#### Dataset extract
[Start of section]

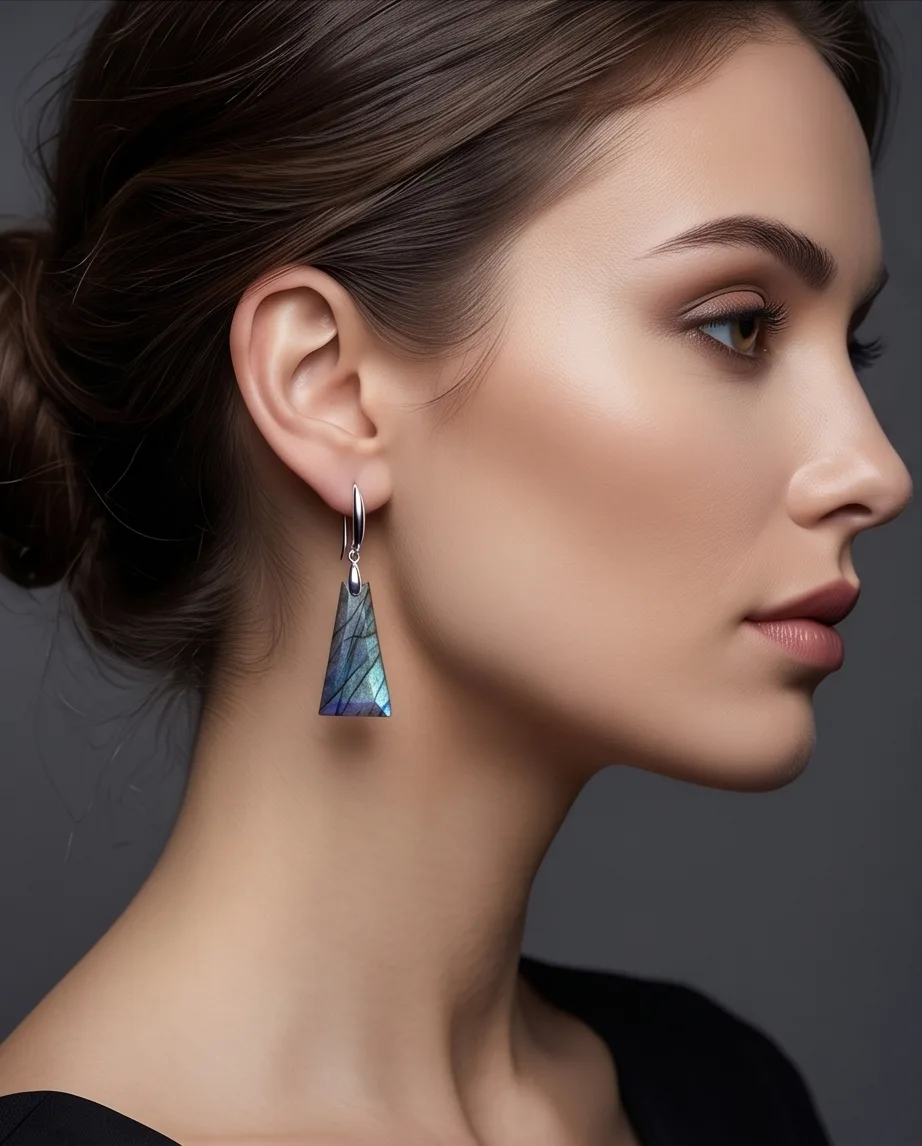 Vesper Labradorite Drop Earrings — handmade by Willow and Fox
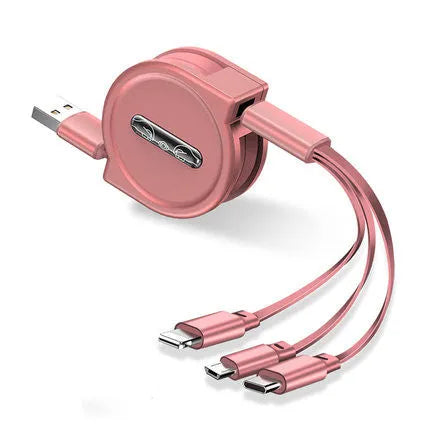Telescopic charging cable extended to 120cm with 3-in-1 connectors in choice of colours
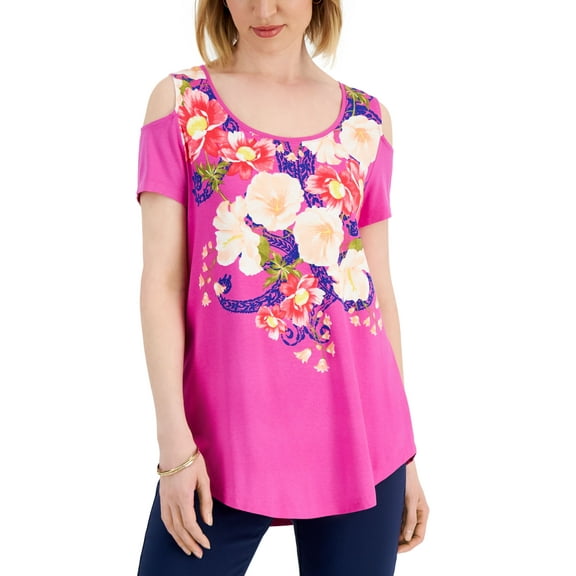 JM Collection Womens Floral Print Cold Shoulder Top Fuchsia Tulip Combo S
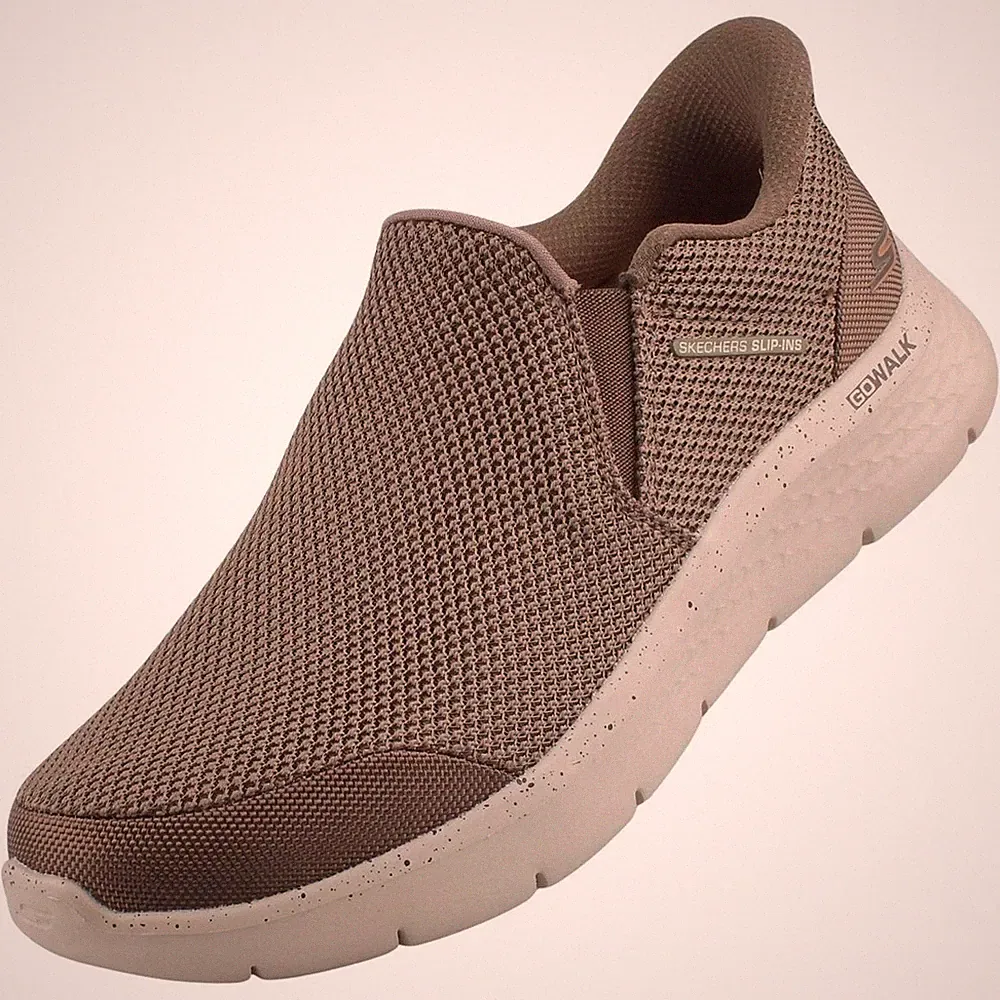 SKECHERS SLIP INS HERRENSCHUHE HALBSCHUH GO WALK FLEX 216333 BEIGE 40 BIS 45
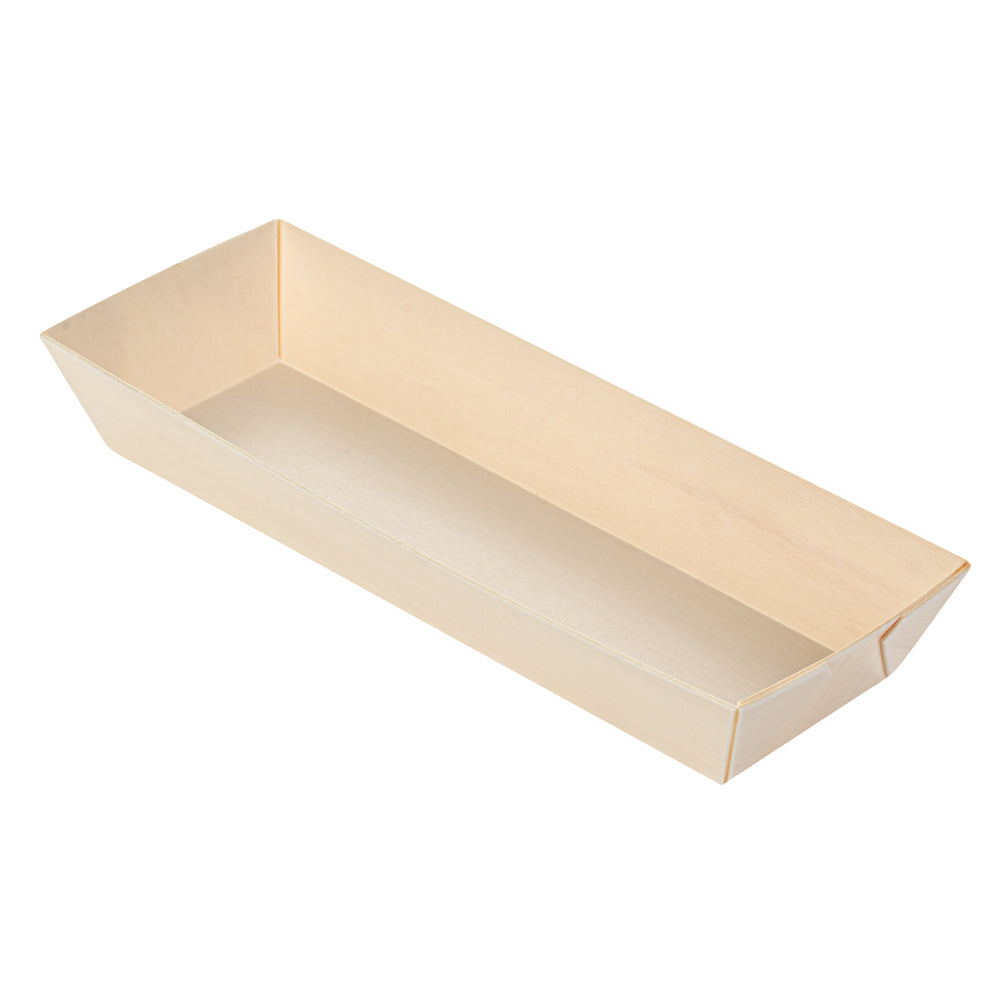 Taipei 9 oz Rectangle Poplar Long Flare Container - 7 3/4" x 2 3/4" x 1 1/4" - 100 count box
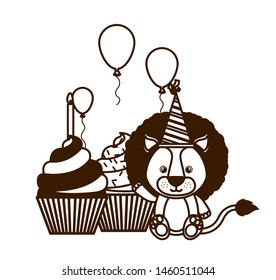 silhouette of lion with party hat on white background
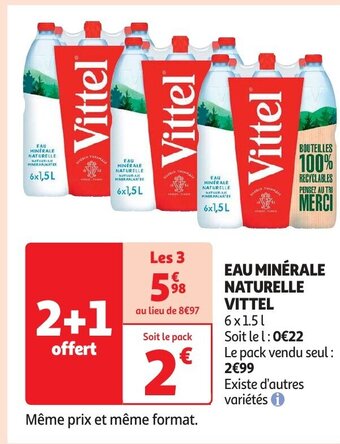 Auchan VITTEL EAU MINÉRALE NATURELLE 6x1.5l aanbieding
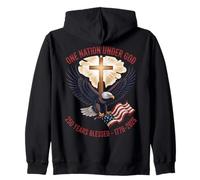 One Nation Under God 250 Years Blessed Patriotic Eagle Flag Zip Hoodie
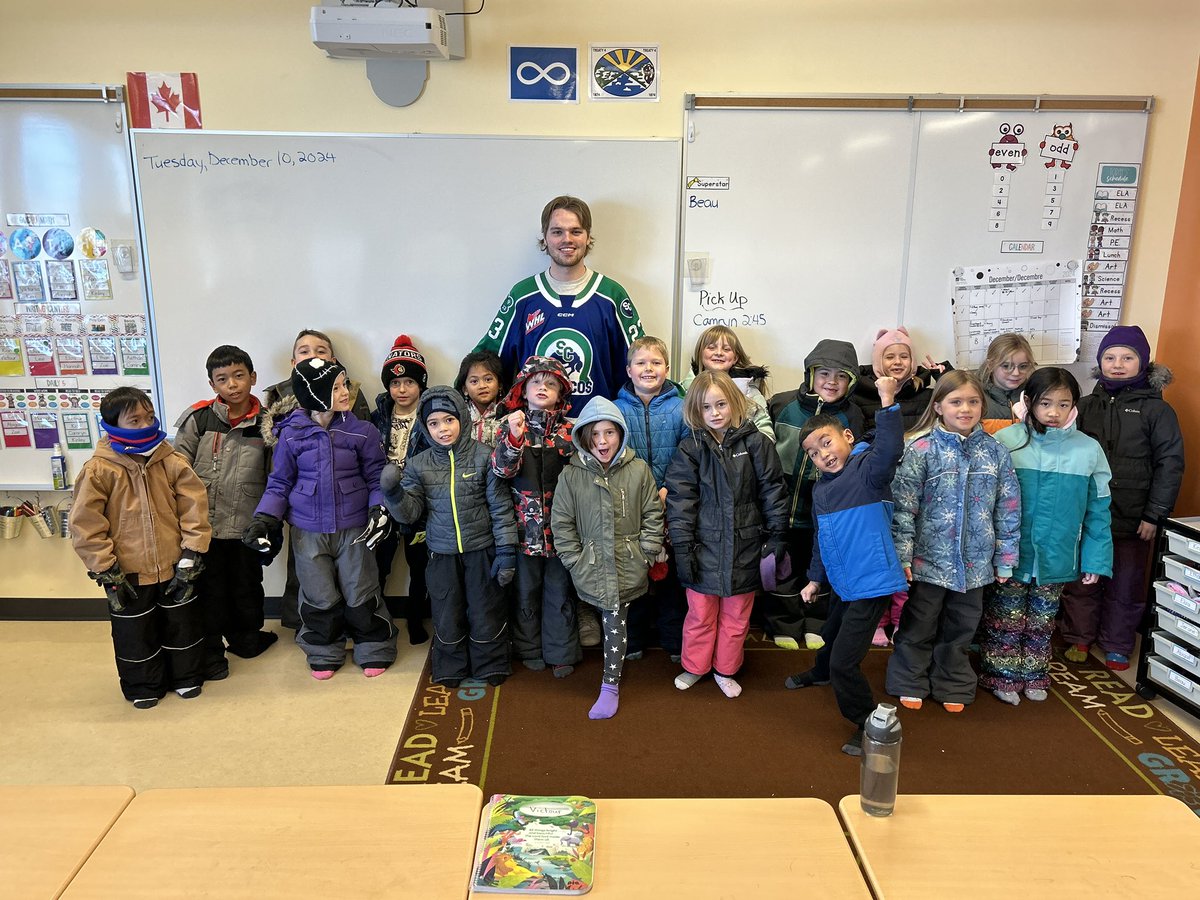 SCBroncos's tweet photo. Reid Dyck &amp; Kurt Rookes made their way to All Saints Catholic School today for our second Innovation iRead visit today. We had an absolute blast, scoring points with the kids not cutting into recess time this afternoon.

Thanks for having us! https://t.co/Monx2sW0WN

[End of section]

#### What the exercise asks
Everything in the records except the pictures should be printed again exactly.

#### Answer
 Vesper Labradorite Drop Earrings — handmade by Willow and Fox
Telescopic charging cable extended to 120cm with 3-in-1 connectors in choice of colours
 JM Collection Womens Floral Print Cold Shoulder Top Fuchsia Tulip Combo S
 SKECHERS SLIP INS HERRENSCHUHE HALBSCHUH GO WALK FLEX 216333 BEIGE 40 BIS 45
 Taipei 9 oz Rectangle Poplar Long Flare Container - 7 3/4" x 2 3/4" x 1 1/4" - 100 count box
 silhouette of lion with party hat on white background
 Auchan VITTEL EAU MINÉRALE NATURELLE 6x1.5l aanbieding
 One Nation Under God 250 Years Blessed Patriotic Eagle Flag Zip Hoodie
 SCBroncos's tweet photo. Reid Dyck &amp; Kurt Rookes made their way to All Saints Catholic School today for our second Innovation iRead visit today. We had an absolute blast, scoring points with the kids not cutting into recess time this afternoon.

Thanks for having us! https://t.co/Monx2sW0WN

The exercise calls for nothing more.